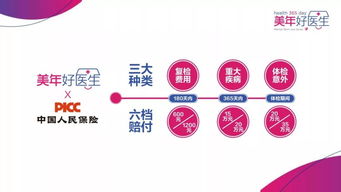 美年好医生,健康赢未来 体检 重疾险 复检险,给您一份全面保障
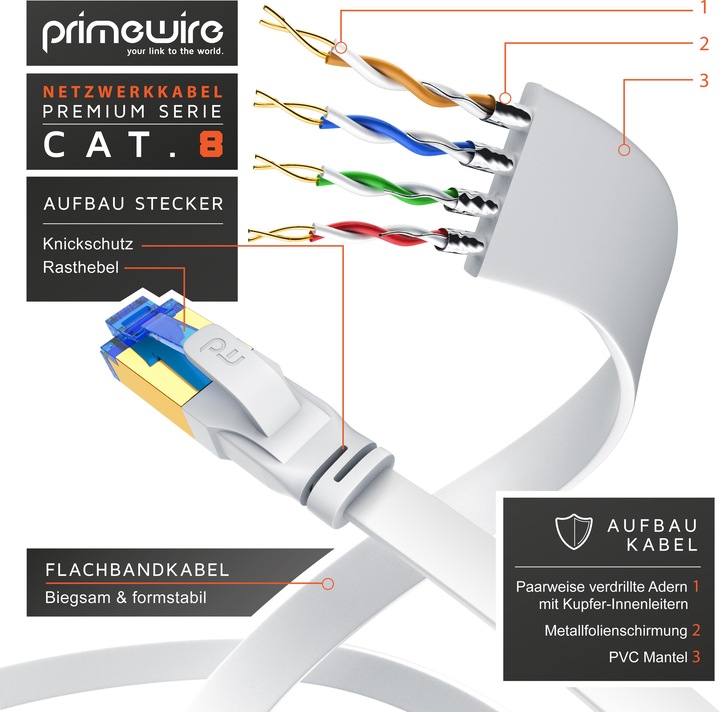 Actual product image Primewire CAT 8.1 network cable flat - LAN patch cable data cable - flat ribbon cable installation cable - (U/FTP, CAT8.1, 3 m)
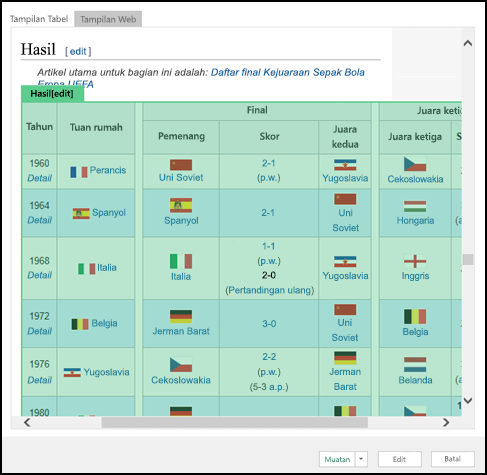 Power Query > dari tampilan > Web Navigator >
************
* _Exercise directions_
The full listing must come back exactly as written, with its pictures left out.

* _Solution to this exercise_
 美年好医生,健康赢未来 体检 重疾险 复检险,给您一份全面保障
 Actual product image Primewire CAT 8.1 network cable flat - LAN patch cable data cable - flat ribbon cable installation cable - (U/FTP, CAT8.1, 3 m)
 Power Query > dari tampilan > Web Navigator >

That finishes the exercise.